[WORK TO BE COMPLETED] Copy out exactly the lines from the one containing "Kenneth Cole New" through the end of the records, and no pictures.

%%

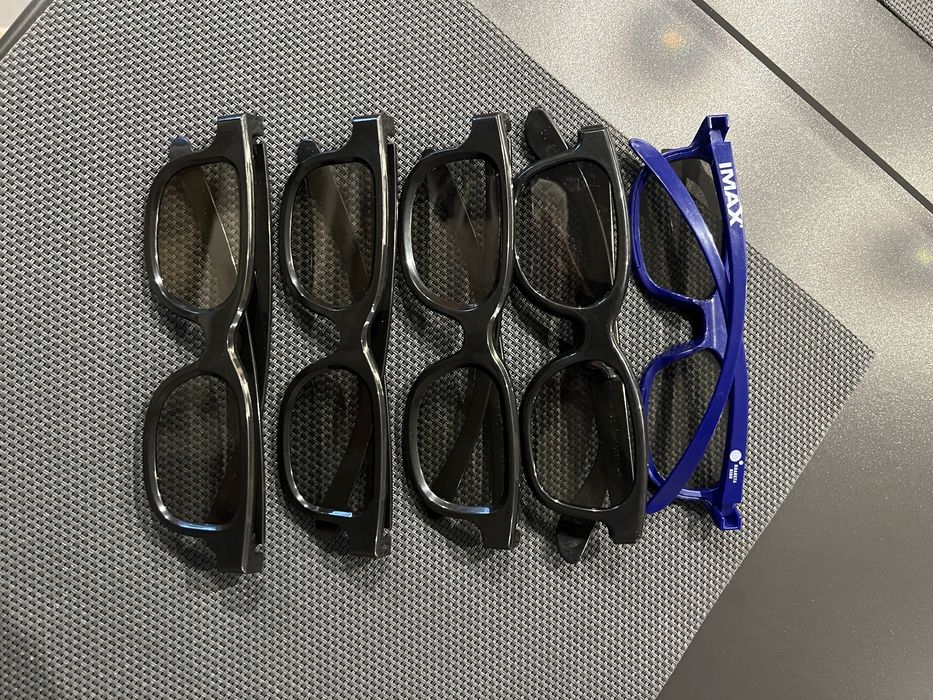 Окуляри 3D, imax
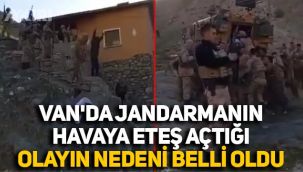 Van'daki gözaltı görüntülerinin nedeni belli oldu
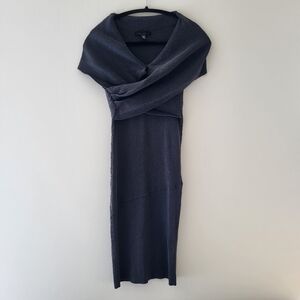 Kenneth Cole New York Sleeveless Ribbed Knit Dress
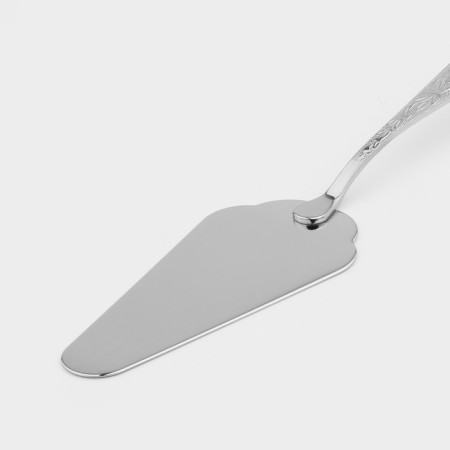 Back "Uralochka", h = 19.5 cm, thickness 2 mm, silver color-3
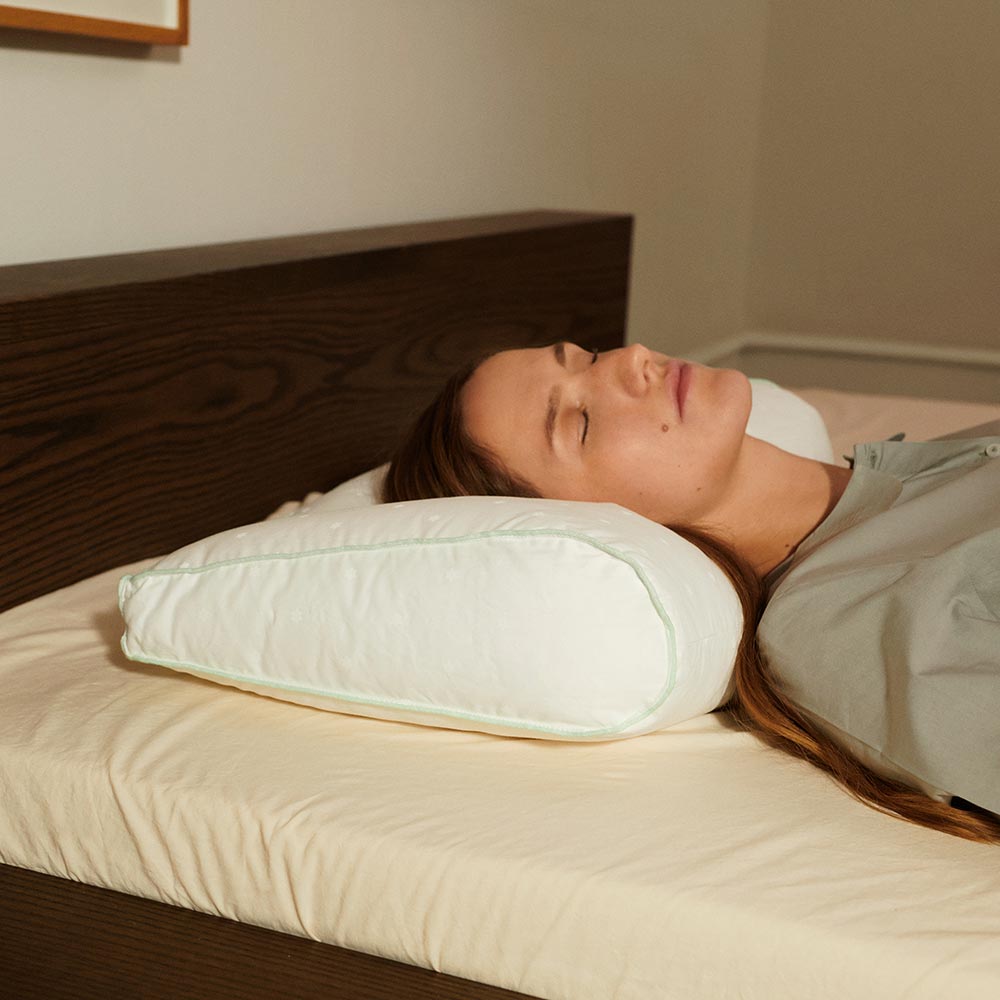 S カイロプラクティック ピロー スノーカバー付き NORDIC SLEEP / NORDIC SLEEP（ノルディック スリープ） / 枕・ピロー / NSP10019_dt_06.jpg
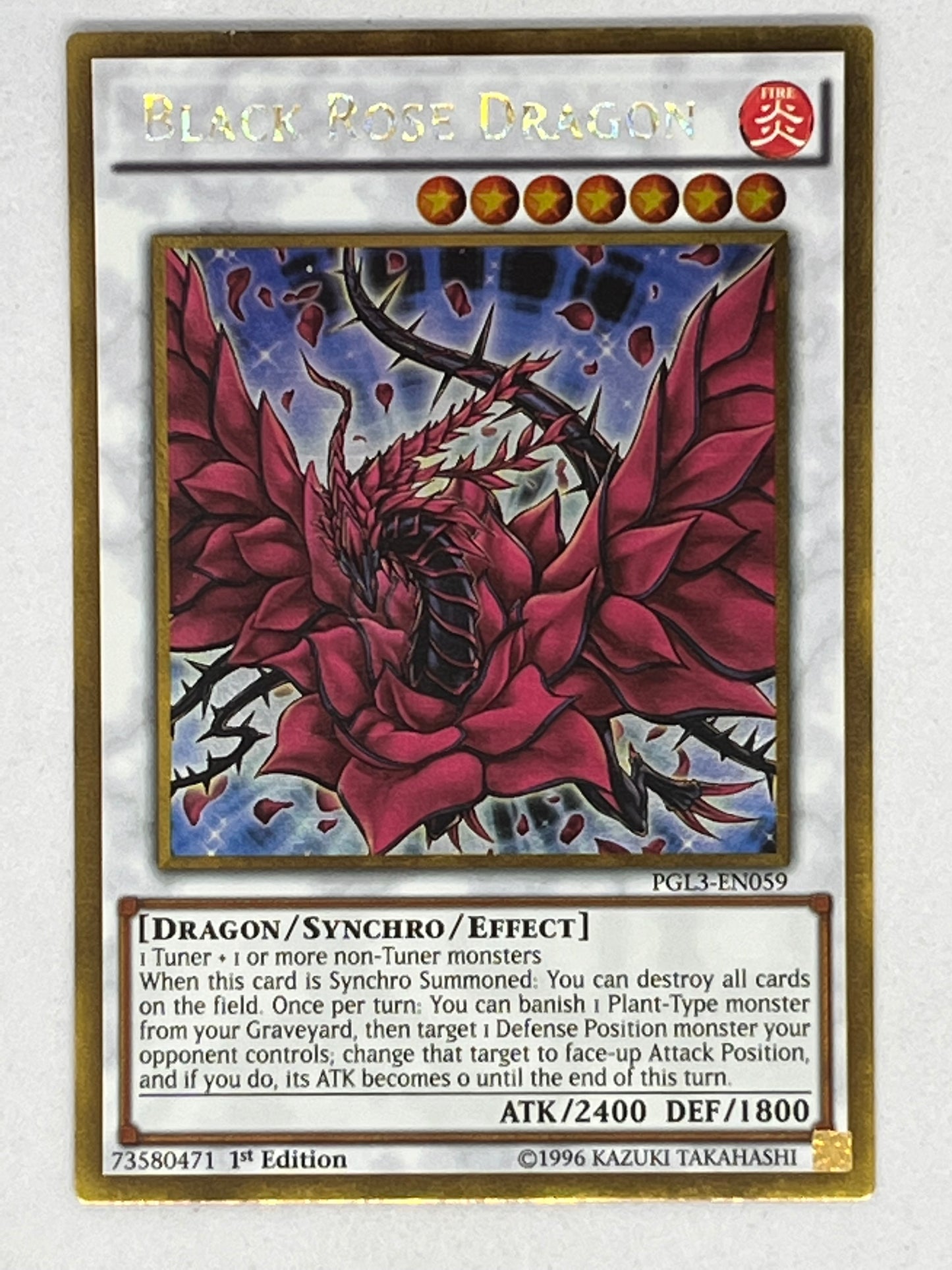 Black Rose Dragon PGL3-EN059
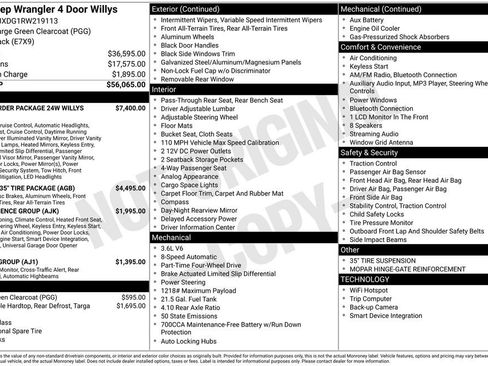 Used 2024 Jeep Wrangler Willys image 9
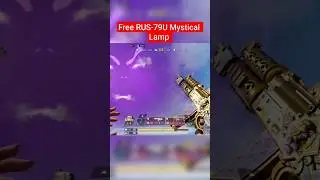 Free Legendary RUS-79U Mystical Lamp in Cod Mobile #callofdutymobile #shorts #ytshorts #codm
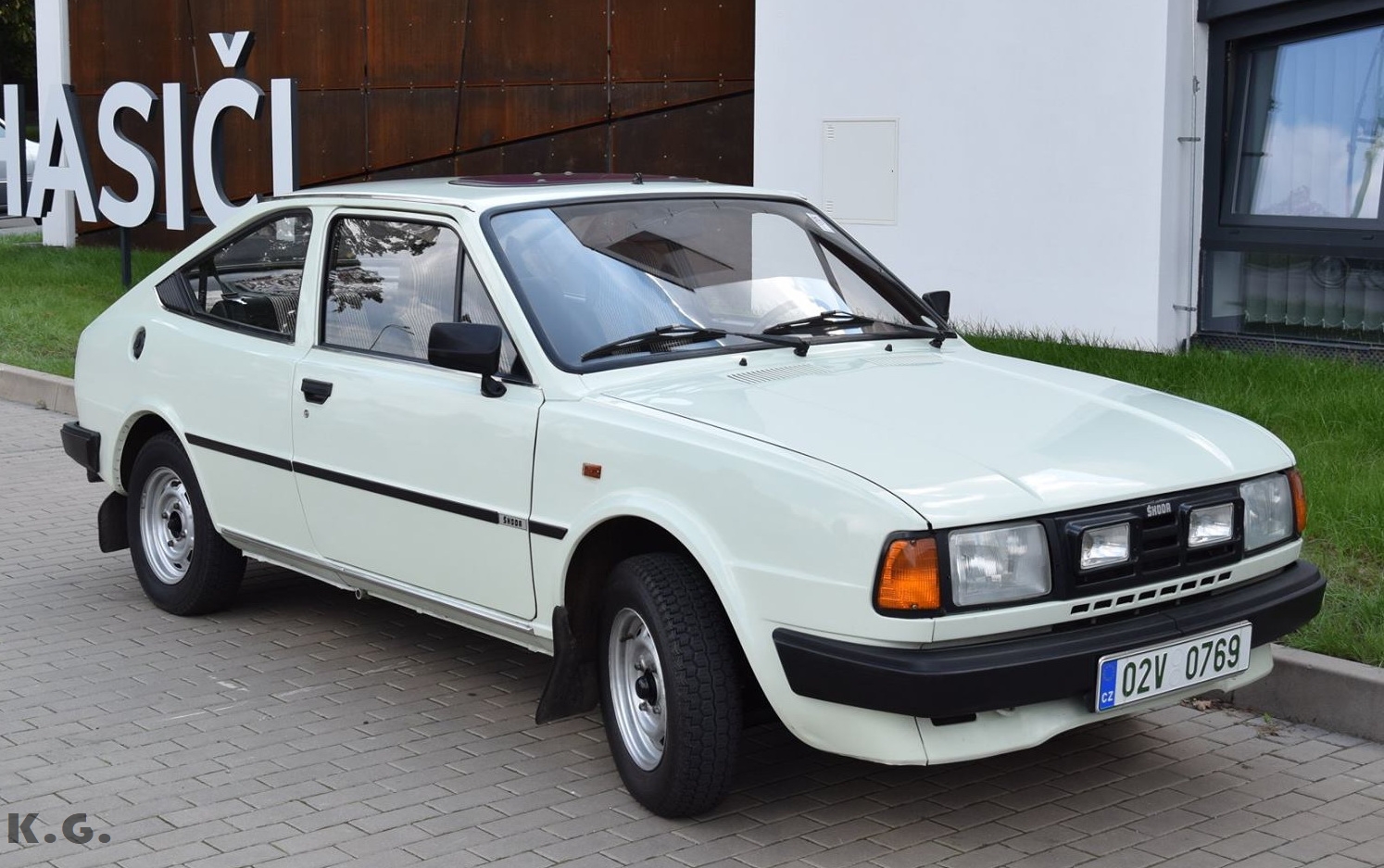 02V 0769, Skoda Rapid Coupé (Type 743), 1984–1990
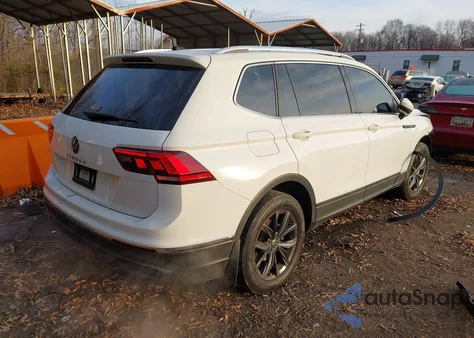 2022 Volkswagen Tiguan 2.0T Se from USA, damaged, VIN 3VV3B7AX8NM168941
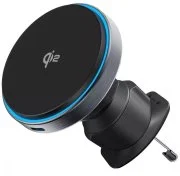 Автотримач Proove Titanium Circle Qi2 15W gray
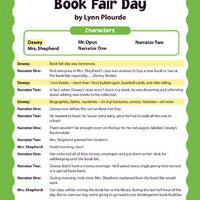 Book Fair Day Readers Theater Scripts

%%

[ANSWER SECTION]
 Kenneth Cole New York Sleeveless Ribbed Knit Dress
 Back "Uralochka", h = 19.5 cm, thickness 2 mm, silver color-3
 S カイロプラクティック ピロー スノーカバー付き NORDIC SLEEP / NORDIC SLEEP（ノルディック スリープ） / 枕・ピロー / NSP10019_dt_06.jpg
 Black Rose Dragon PGL3-EN059
 Used 2024 Jeep Wrangler Willys image 9
 Free Legendary RUS-79U Mystical Lamp in Cod Mobile #callofdutymobile #shorts #ytshorts #codm
 02V 0769, Skoda Rapid Coupé (Type 743), 1984–1990
 2022 Volkswagen Tiguan 2.0T Se from USA, damaged, VIN 3VV3B7AX8NM168941
 Автотримач Proove Titanium Circle Qi2 15W gray
 Book Fair Day Readers Theater Scripts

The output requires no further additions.